If you bought the house with a rental water heater, then it is a generic "implied contract" with the tank supplier (DE)
and they will continue charging you rental on the tank regardless of whether you have copy of the contract or not.
Asking $50 for a copy of the contract is highway robbery, but I suppose "somebody" has to photocopy the generic
rental contract and mail it to you...LOL!...another ripoff. 

here is the DE water heater contract obtained from online..
http://www.directenergy.com/ontario/home-services/water-heater/terms-conditions

specifically...




> f. the Agreement is binding upon and will enure to your respective heirs, personal representatives, successors and permitted assigns; and
> 
> g. we may register, at your expense, our interest in the Water Heater against you and/or against title to the premises.

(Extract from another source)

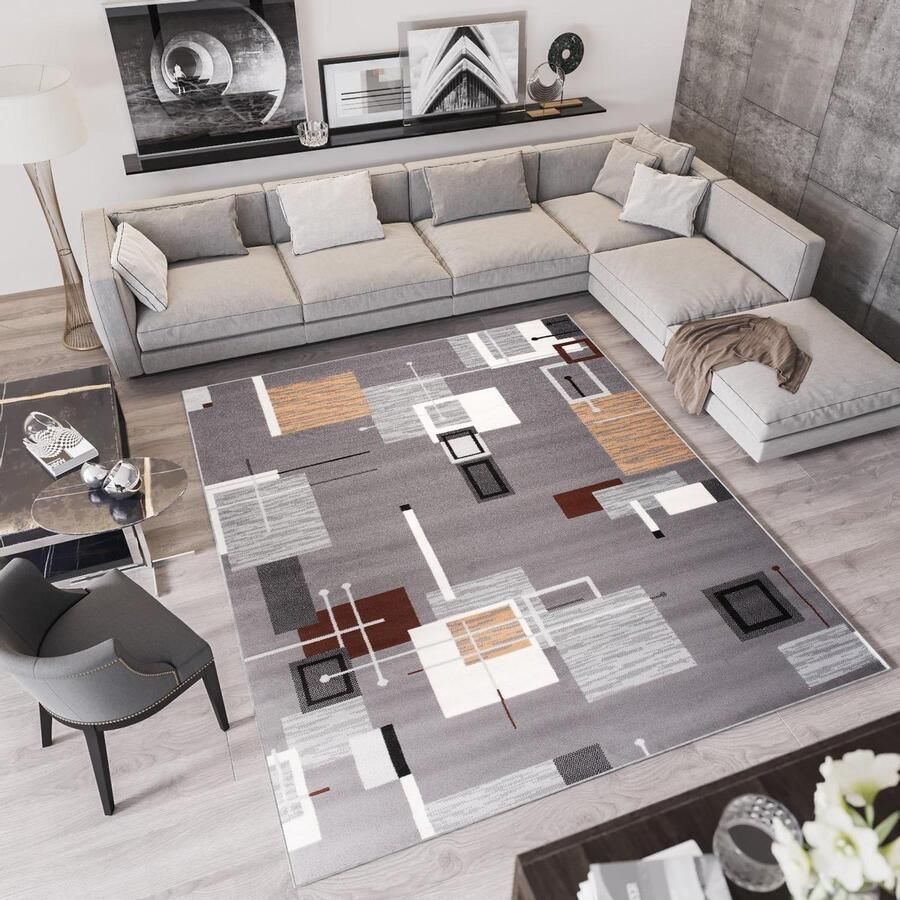 Tapiso Laila Vloerkleed Grijs Wit Beige Woonkamer Tapijt Maat- 140x190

To the extent permitted by law, you agree to waive any right to receive a copy of such registration and appoint us as your lawful attorney for the purpose of doing any such registrations. You agree that the Water Heater will remain personal property even though it may become affixed to the premises. You agree to keep the Water Heater free of all liens, security interests, mortgages and other claims.
> 
> e)* Sale of your Home* - If you sell the premises, *the Agreement shall be transferred to the purchaser, and we will permit the purchaser to assume your rights and obligations under the Agreement, effective from the date of sale*, provided that:
> 
> a. the purchaser is notified in the agreement of purchase and sale that the Water Heater is rented and is subject to the terms and conditions of the Agreement;
> 
> b. you advise us in advance of the purchaser’s name and the intended date of sale;
> 
> c. the purchaser agrees in writing or by conduct to rent the Water Heater in accordance with this Agreement; and
> 
> d. you have paid us all other amounts owing under this Agreement.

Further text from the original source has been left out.